[Task details]: Would you reproduce exactly the lines below from the one holding "Simple coral velvet" through the one holding "Blue Confetti Alphabets", inclusive, and no others?

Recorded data
<<<<

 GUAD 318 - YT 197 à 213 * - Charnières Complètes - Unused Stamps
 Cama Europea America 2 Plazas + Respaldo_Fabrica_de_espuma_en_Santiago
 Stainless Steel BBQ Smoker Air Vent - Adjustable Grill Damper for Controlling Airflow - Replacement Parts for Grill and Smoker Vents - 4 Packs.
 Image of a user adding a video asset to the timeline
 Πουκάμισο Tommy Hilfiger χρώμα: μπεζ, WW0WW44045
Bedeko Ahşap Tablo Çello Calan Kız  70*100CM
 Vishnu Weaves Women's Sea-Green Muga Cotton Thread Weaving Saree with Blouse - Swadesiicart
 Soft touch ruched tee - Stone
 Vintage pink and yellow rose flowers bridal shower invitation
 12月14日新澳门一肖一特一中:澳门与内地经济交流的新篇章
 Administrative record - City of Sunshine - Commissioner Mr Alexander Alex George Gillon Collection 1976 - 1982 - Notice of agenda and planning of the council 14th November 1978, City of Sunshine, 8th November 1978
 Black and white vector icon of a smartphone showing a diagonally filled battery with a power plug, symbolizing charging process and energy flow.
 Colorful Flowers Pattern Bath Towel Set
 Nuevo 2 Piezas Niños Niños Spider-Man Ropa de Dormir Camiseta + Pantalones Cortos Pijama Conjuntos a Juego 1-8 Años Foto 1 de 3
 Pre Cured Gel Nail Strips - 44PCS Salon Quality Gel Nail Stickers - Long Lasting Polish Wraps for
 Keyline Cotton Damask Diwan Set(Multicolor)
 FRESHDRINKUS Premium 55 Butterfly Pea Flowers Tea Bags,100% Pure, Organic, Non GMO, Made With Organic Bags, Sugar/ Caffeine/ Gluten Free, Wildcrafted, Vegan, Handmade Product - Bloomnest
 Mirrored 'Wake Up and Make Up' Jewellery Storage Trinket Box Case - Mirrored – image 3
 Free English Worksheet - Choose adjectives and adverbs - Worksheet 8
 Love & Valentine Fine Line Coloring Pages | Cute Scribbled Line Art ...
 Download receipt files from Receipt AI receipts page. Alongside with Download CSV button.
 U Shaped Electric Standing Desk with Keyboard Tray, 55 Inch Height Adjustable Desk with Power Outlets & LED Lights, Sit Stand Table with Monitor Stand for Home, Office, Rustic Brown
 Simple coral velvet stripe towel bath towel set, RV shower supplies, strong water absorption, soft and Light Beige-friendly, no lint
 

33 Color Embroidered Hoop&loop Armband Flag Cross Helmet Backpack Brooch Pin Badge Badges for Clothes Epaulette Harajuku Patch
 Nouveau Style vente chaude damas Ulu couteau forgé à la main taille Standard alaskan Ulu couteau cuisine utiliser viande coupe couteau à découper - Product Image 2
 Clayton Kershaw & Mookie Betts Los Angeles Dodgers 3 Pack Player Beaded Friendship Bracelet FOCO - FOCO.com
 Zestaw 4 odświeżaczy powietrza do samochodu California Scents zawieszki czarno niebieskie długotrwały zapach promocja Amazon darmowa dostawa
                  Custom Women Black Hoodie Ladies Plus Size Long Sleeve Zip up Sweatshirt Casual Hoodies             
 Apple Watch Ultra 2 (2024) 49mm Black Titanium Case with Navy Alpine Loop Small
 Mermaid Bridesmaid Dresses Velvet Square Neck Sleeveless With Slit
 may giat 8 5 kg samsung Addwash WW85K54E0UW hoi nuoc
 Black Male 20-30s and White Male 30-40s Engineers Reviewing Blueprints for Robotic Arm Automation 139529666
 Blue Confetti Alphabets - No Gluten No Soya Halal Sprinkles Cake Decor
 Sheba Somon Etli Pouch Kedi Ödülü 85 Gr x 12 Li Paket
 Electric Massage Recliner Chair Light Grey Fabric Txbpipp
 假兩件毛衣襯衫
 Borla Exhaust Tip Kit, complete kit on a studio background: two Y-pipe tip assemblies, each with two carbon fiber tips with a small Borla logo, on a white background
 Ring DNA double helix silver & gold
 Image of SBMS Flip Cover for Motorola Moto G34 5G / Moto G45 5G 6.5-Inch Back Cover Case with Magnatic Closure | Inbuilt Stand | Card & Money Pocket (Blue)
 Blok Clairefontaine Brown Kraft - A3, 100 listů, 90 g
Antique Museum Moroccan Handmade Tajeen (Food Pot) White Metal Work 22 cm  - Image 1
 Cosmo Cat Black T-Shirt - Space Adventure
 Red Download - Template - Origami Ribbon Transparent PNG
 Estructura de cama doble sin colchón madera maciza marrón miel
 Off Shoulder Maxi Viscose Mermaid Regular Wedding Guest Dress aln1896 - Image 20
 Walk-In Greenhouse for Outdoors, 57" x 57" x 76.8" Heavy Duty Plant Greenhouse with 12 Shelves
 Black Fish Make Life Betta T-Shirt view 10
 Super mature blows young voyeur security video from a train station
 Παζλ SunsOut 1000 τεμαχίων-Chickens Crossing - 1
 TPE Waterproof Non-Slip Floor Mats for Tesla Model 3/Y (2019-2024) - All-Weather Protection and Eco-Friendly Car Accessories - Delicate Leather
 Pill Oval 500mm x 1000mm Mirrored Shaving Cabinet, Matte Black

>>>>

[Final answer]:
 Simple coral velvet stripe towel bath towel set, RV shower supplies, strong water absorption, soft and Light Beige-friendly, no lint
 

33 Color Embroidered Hoop&loop Armband Flag Cross Helmet Backpack Brooch Pin Badge Badges for Clothes Epaulette Harajuku Patch
 Nouveau Style vente chaude damas Ulu couteau forgé à la main taille Standard alaskan Ulu couteau cuisine utiliser viande coupe couteau à découper - Product Image 2
 Clayton Kershaw & Mookie Betts Los Angeles Dodgers 3 Pack Player Beaded Friendship Bracelet FOCO - FOCO.com
 Zestaw 4 odświeżaczy powietrza do samochodu California Scents zawieszki czarno niebieskie długotrwały zapach promocja Amazon darmowa dostawa
                  Custom Women Black Hoodie Ladies Plus Size Long Sleeve Zip up Sweatshirt Casual Hoodies             
 Apple Watch Ultra 2 (2024) 49mm Black Titanium Case with Navy Alpine Loop Small
 Mermaid Bridesmaid Dresses Velvet Square Neck Sleeveless With Slit
 may giat 8 5 kg samsung Addwash WW85K54E0UW hoi nuoc
 Black Male 20-30s and White Male 30-40s Engineers Reviewing Blueprints for Robotic Arm Automation 139529666
 Blue Confetti Alphabets - No Gluten No Soya Halal Sprinkles Cake Decor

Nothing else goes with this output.